Sorting through his movies was soothing, and it’s a little weird to see the shelves there — especially when I looked at them for years, working eight- or ten-hour shifts during college — but it’s really nice, too. I feel good that a part of Borders will live on with us, and these bookcases will be cared for by a reader who will think fondly of her days at the store as she fills them: me!

And don’t worry . . . I’m sure we will have them filled in no time. More bookshelves just mean more books, right?

The Great Schlepping of Things ’11

We’ve been through a battle.

After two months of packing, moving and relocating, Spencer is finally — like for real, for real — all moved into his new condo. We spent yesterday cleaning out the very last bit of stuff in his old garage at the old house, sweeping and dusting and packing in 100-degree heat (with 100 percent humidity). And little air conditioning.

Since my boyfriend became a homeowner in early June, the transition between old home and new home has been exhausting and daunting and scary. We were eternally grateful for his mom and dad’s help in the moving process when they visited in early July, but so much still lingered in no-man’s land between the two residences.

But it’s done. DONE. No more cruising between both places. No more dry cardboard-box hands or sweaty lumbering up staircases with random heavy objects. No more collapsing on the floor at the end of the night because I can’t physically move another moment. My arms and legs and back will be glad for the break, let me tell you — but I fully acknowledge that for every box I moved, Spencer moved four.

So I know he’s happy, too.

After the Great Schlepping of Things ’11, you’d think I’d be thin as a reed by now . . . but not the case. Of course, I tend to reward myself for a job well done with a well-timed trip to Dairy Queen, so . . . you know. That doesn’t help the Moving Weight Loss Plan in the least.

But it’s done. Done. After taking the final truckload of belongings to the condo and enjoying the working elevator’s ability to get us from the first to second floors, I’m thrilled to say that Spencer’s home sweet home is home now. Once and for all.

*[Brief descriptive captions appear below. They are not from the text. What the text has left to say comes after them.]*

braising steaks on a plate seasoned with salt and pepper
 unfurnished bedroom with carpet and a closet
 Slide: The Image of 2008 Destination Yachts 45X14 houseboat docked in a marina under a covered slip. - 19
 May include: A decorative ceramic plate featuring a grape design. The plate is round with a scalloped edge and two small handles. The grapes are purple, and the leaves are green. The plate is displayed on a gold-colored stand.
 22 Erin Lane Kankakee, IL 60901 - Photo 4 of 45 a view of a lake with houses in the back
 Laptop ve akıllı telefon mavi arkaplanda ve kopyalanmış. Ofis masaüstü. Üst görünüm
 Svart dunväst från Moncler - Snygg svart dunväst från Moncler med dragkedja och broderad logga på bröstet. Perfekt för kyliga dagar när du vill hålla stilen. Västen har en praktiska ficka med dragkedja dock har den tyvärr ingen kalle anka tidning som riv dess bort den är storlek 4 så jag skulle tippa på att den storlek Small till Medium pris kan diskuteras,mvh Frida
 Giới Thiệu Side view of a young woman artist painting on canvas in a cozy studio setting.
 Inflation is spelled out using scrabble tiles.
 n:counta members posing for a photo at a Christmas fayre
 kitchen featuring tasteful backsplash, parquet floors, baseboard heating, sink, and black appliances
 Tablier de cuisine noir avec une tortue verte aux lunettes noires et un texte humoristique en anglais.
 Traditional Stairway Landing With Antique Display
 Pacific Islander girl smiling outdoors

I’ve also gone from hemming and hawing about bathroom color schemes to breaking down and investing. In the end, I think the scheme I chose is a good balance of both masculine and feminine: dark brown and Tiffany blue. The plain bathroom has morphed into something slightly more visually intriguing, though I still have a long way to go. (I love that art on the wall, though.)


But the living room has gone from this . . .


. . . to this:


That’s right, my friends: no more folding chairs. That’s good old-fashioned furniture and an honest-to-God vintage-style New York City poster to hang on the wall. Plus? Chairs and other decorations. Actual decor.

There’s also a repurposed ice chest in that nook. You can’t actually see the ice chest, but it’s green and made of wood. We’re using it as an end table, which makes it a bargain; Spencer picked it up at the Salvation Army last year for $10. I forgot he even had it until he and his parents brought it up from the basement. Win!

And I’m super excited about an Eiffel Tower lamp I found at Christmas Tree Shop. Spence likes Paris the way I love London, so we already have a travel theme developing. (We have awesome London and Paris black-and-white dinnerware, too, but I keep forgetting to snap photos of the dishes.)

Life has been very chaotic, of course. I’ve been slammed at work and trying to keep my head above water, so dressing the ol’ nest has gone by the wayside the past few weeks. But as summer winds down and life returns to a normal level of insane, we can get back to fixing the place up and just relaxing.

Then maybe I’ll stop making this face.